Live: later today

By Jim Naughton

While we are as eager for eyeballs as the next Web site, we’ve decided that uninteresting statements do not become interesting for being uttered in the context of the Lambeth Conference. So we won’t be filing a report after every press conference, or attempting to read significance into statements made by people who will have no influence over whatever word the bishops assembled for the conference decide to speak.


It seems likely, however, that there will be news worth noting after the conclusion of the 2 pm “hearings” at which the Windsor Continuation Group will discuss the third part of its “report.” I am using quotes not to disparage the document, but simply to remind readers that it is more along the lines of bullet points and observations than a proper text. I expect that the group, composed entirely of opponents of gay ordination, will urge the Episcopal Church to continue its de facto ban on the consecration of gay bishops. I don’t know how the Episcopal Church’s bishops will respond either in the moment or later in the week when the bishops convene for additional hearings.

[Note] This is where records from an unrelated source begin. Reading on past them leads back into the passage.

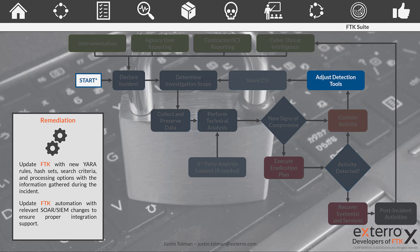Once we've isolated, contained, and eradicated everything, we need to adjust our tools to make sure we're now prepared for that attack and can do a proper scan of our network with what we've learned. We're going to update FTK with new YARA rules, hash sets, and any search criteria to compensate for this type of attack. FTK makes it really easy to import new YARA rules, so as you build some based on newly detected signs of compromise, you can get those back into your tool quickly. You also want to update FTK's automation and integration with your SOAR and SIEM implementations — there's a simple graphical user interface that allows you to do this very quickly.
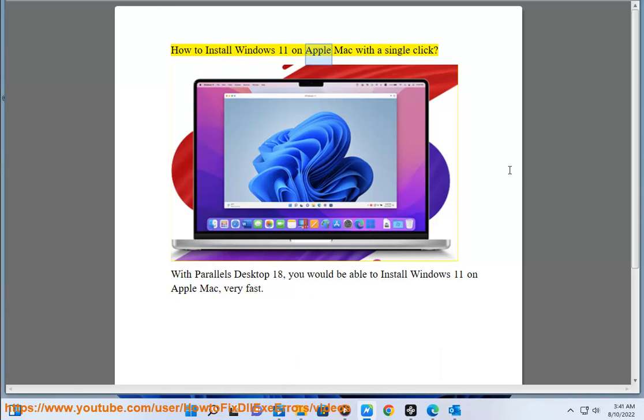How to install Windows 11 on Apple Mac with a single click. With Parallels Desktop 18, you would be able to install Windows 11 on Apple Mac very fast.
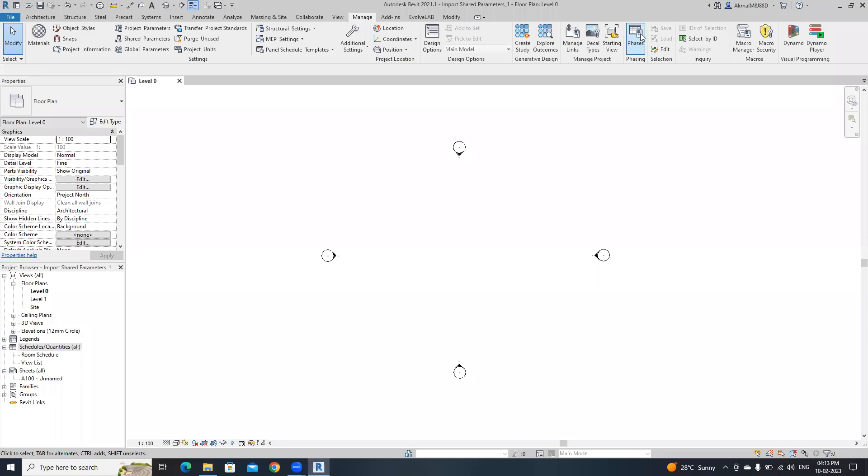Hello everyone, welcome back to this channel. In this Revit tutorial I'm going to show you how to import a specific set of shared parameters from one Revit file to another.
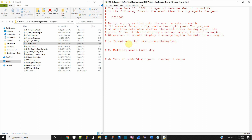So we have three steps here. Step one: we're going to prompt the user for the numeric month, day, and year. Then we're going to multiply the month times the day, and then we're going to test whether this is actually a magic date or not.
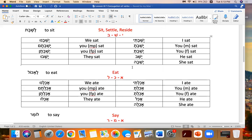Sit, settle, or reside — you can use any of these depending on the sentence. To sit is Lashavit. I sat. Yashavti. You. Yashavta. You feminine. Yashavt.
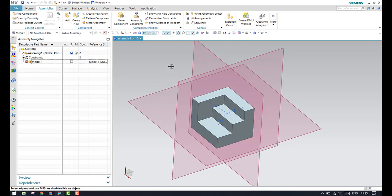This is the difference between the move command and assembly constraint. Please subscribe to my channel and hit the like button as well as share my videos. Thank you.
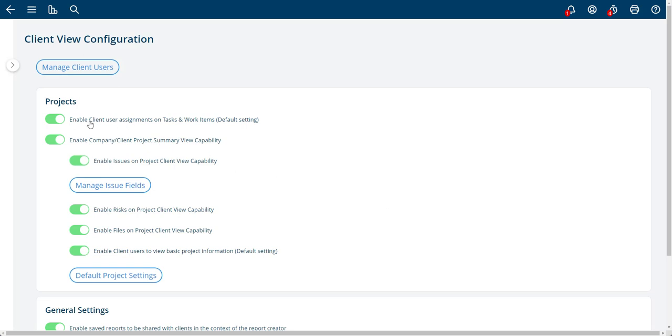So if I uncheck this box, for example, then you can't assign tasks or any work items other than approvals to a client. You can always send an approval to them, but you won't be able to put a client on a task unless this is turned on.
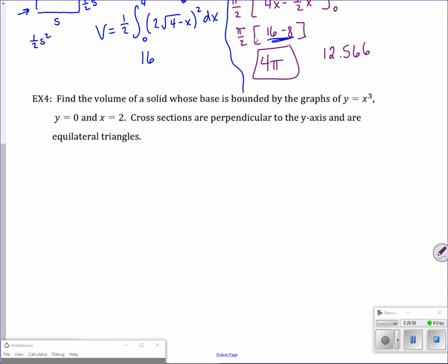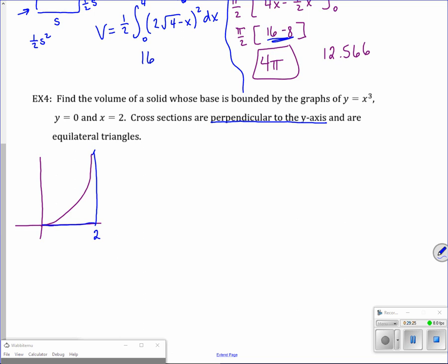Last problem: find the volume of a solid whose base is bounded by y = x³, y = 0, and x = 2. There's the bounded region. Cross-sections are perpendicular to the y-axis, so I draw S horizontally through the bounded region. The cross-sections are equilateral triangles, so the correct area formula is (√3/4)·S².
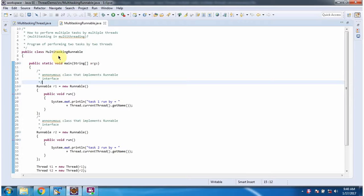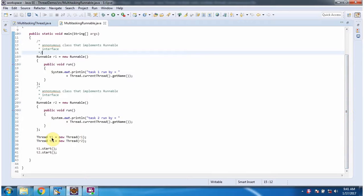Here I have defined the class MultitaskingRunnable. It has a main method. Inside the main method I have created runnable object1 using an anonymous class and provided implementation of the run method. And here I have created runnable object2 using an anonymous class and provided implementation of the run method. Here I have created thread1 object, passing runnable object1 to the thread constructor. Here I have created thread2 object, passing runnable object2 to the thread constructor. Then starting two threads.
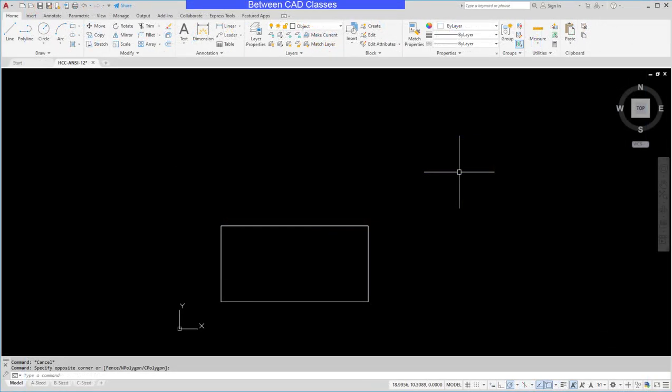In this video we're going to take a look at the 3D environment in AutoCAD and how to navigate it efficiently. The first thing I want to do is change my workspace. I'm currently in the 2D drafting and annotation workspace.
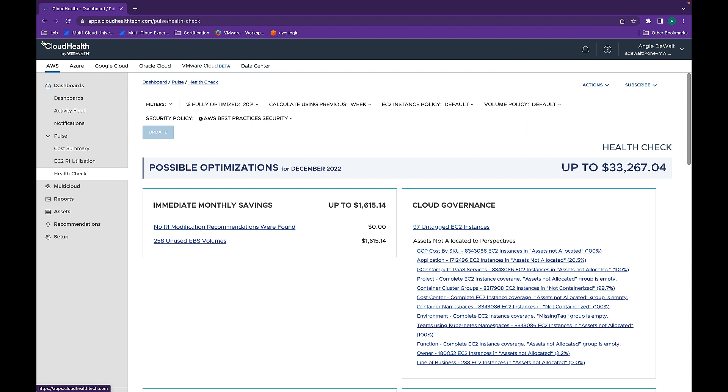The report highlights possible optimizations for your cloud environment so that you can be more efficient in your cloud operations. These optimizations can be a result of reserve instance modifications or the removal of any unused idle resources.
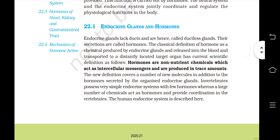Endocrine glands lack ducts and are hence called ductless glands. Their secretions are called hormones. The classical definition of a hormone as a chemical produced by endocrine glands and released into blood and transported to a distantly located target organ has a current scientific definition as follows: hormones are non-nutrient chemicals which act as intercellular messengers and are produced in trace amounts. The new definition covers a number of new molecules in addition to the hormones secreted by the organized endocrine glands. Invertebrates possess a very simple endocrine system with few hormones, whereas a large number of chemicals act as hormones and provide coordination in vertebrates.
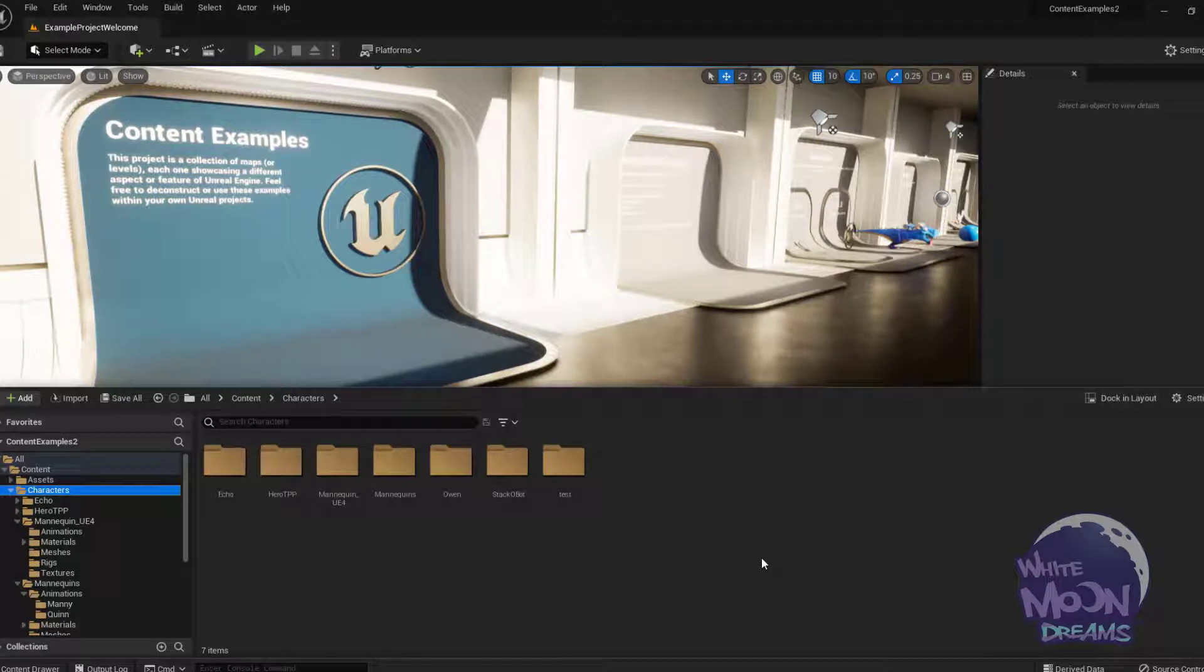Hello. So a while back I did a quick tutorial on how to do LODs for skeletal meshes in Unreal, and one of the viewers watched that and was having issues getting it to work with morph targets.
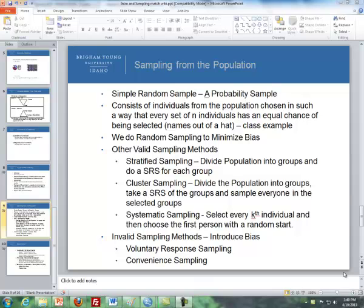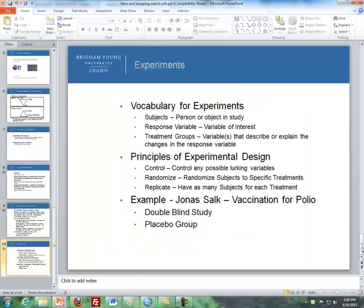Hello, this is Brother Cromart from the Math Department, and this is a continuation of Lesson 2. This will be a short video for Part 2, dealing with Lesson 2, and it's basically dealing with design of experiments.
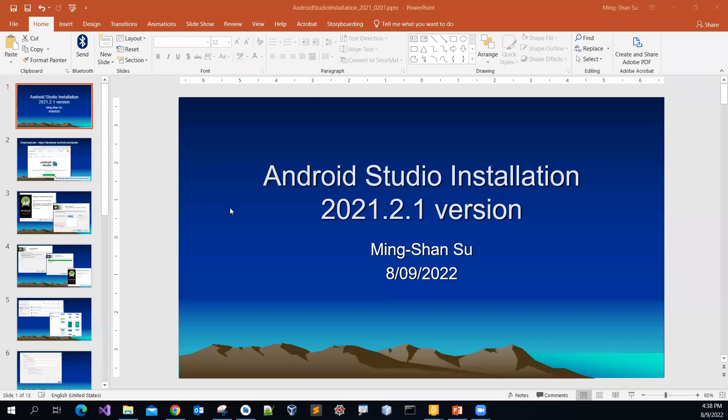Good day, everyone. In this video, I'm going to share with you how to download the Android Studio free software version 2021.2.1, and then install it on your computer, and then run the first Hello World Android app.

(At this point it may be worth pointing out that the bishops do not have the authority to speak for the Church on this issue of gay ordination. That power belongs to our General Convention. However, because a majority of diocesan bishops must assent to the election of any bishop, the bishops can effectively bar gay candidates from the episcopacy.)

I am unsure how the Episcopal Church’s bishops will respond because they arrived at the conference determined not to commit news, and thus far they have maintained their discipline.

The primate of Sudan said: “Gene Robinson must resign.” The Episcopalians said: “Let’s continue to work together.”

The Windsor Continuation Group said: “We must save the Communion from your innovations.” The Episcopalians said: “Can you say a little more about that?”

If the group of conservative bishops who met secretly during the conference demanded that the men and women who consecrated Robinson be cast upon a trash heap, one has the impression the Episcopalians would ask for nothing more than an opportunity to change clothes.

Whether this strategy will successfully keep temperatures at Lambeth below the boiling point, and whether it will be effective if the bishops here unite behind a ban on gay bishops, I can’t say, but it has done much to counter the widespread impression that all Americans are President Bush.